Thursday, January 22, 2015


 "There's a hoar frost this morning," my husband announced at 7:30 when the sky had lightened enough to see.
I looked up 'hoar frost' and it's a complicated explanation for us non-meterological types but I think the best way to described it is that a hoar frost is winter's dew. Instead of water droplets on blades and branches, we see ice crystals.
"That means there's a thaw coming," my husband added. "There must be. When I was out on the deck with my coffee, I heard the freight train rumbling through Oxford Junction. They say that's a sign of a thaw coming, when sound travels like that."
I was awake in the middle of the night with a headache so piercing, I felt nauseous. Pain is much less bearable when it's dark. If my husband had awakened and asked me what was wrong, I might have cried. I spent some time lying on the bathroom floor but it was cool in there and eventually eased the nausea so I returned to bed. After some more tossing and turning, trying to find a position that didn't make the headache worse, I drifted off to sleep for awhile.

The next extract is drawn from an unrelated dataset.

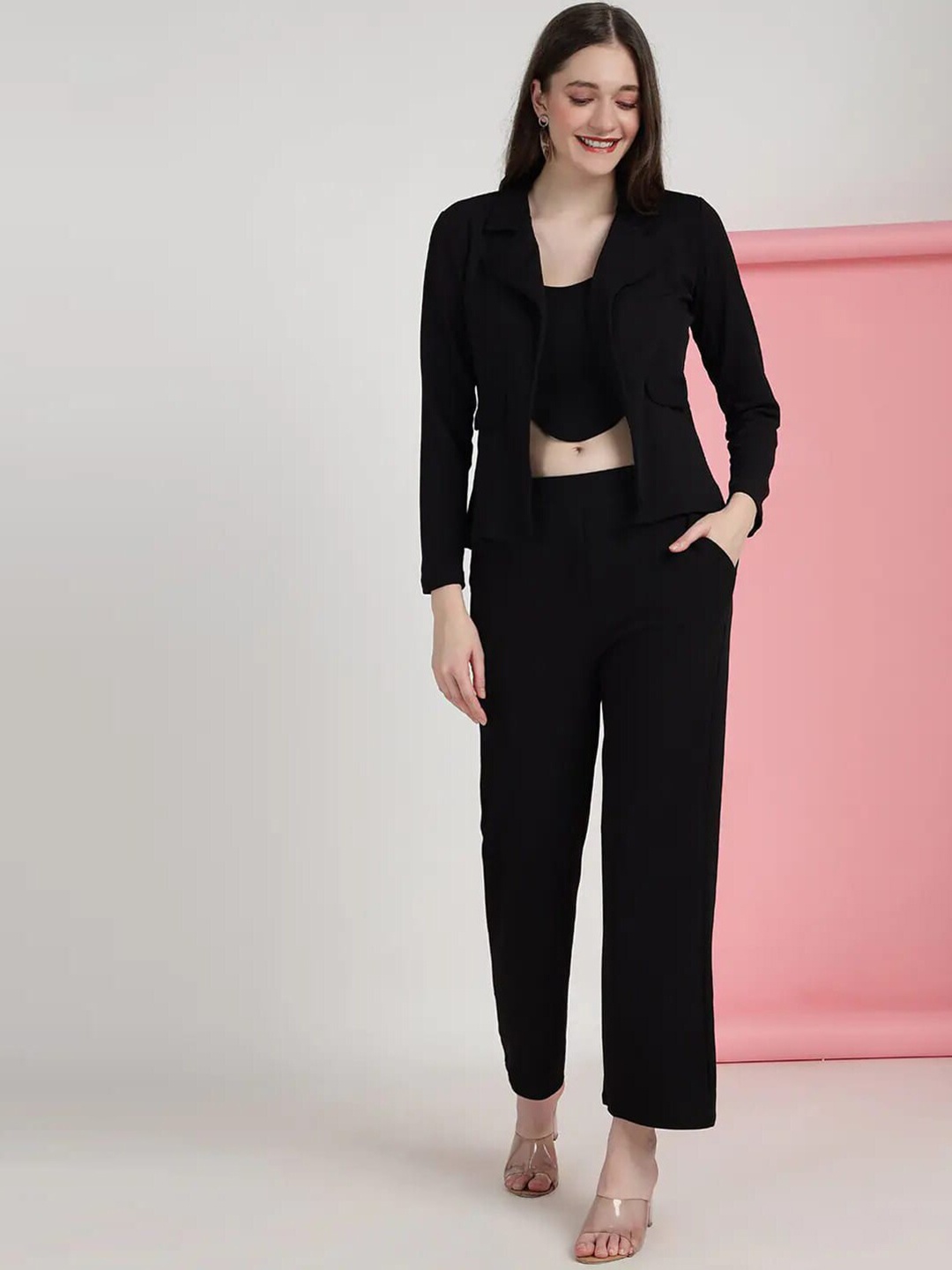 

Selvia Sleeveless Crop Top With Trousers & Jacket Co-Ords, Black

The dogs woke us early so we all got up and I made them breakfast. Then, instead of waiting for the day to warm, we went for our walk early, inside the crystal palace of the tree plantation. No sparkles this morning; no sun but also no wind. It was very quiet and very peaceful. Like something is coming. Snow, a thaw, spring.

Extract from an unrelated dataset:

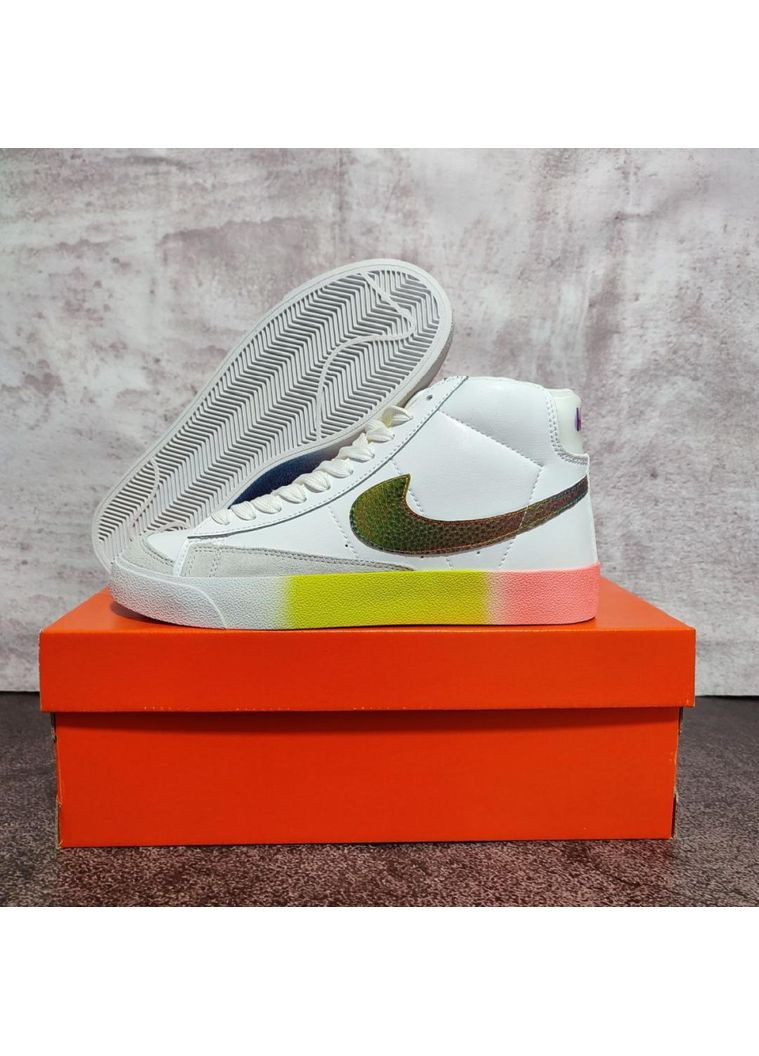 КРОССОВКИ ЖЕНСКИЕ NIKE BLAZER MID 77 MULTICOLOR НАЙК БЛЕЙЗЕР No Brand белые демисезоны (368867402)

My favourite time of the day in my favourite place. 
Last winter, the deep snow made for its own kind of beauty but it was less accessible for walking with the dogs; this year, the ice snakes along the ground beneath our feet, creating in the grooves left by the four-wheeler. The sleepless night made me feel off-balance, not the feeling you want when walking on ice, but the cold air felt good on my bare head, taking the edge off the pain.
Maybe spring doesn't need to come yet.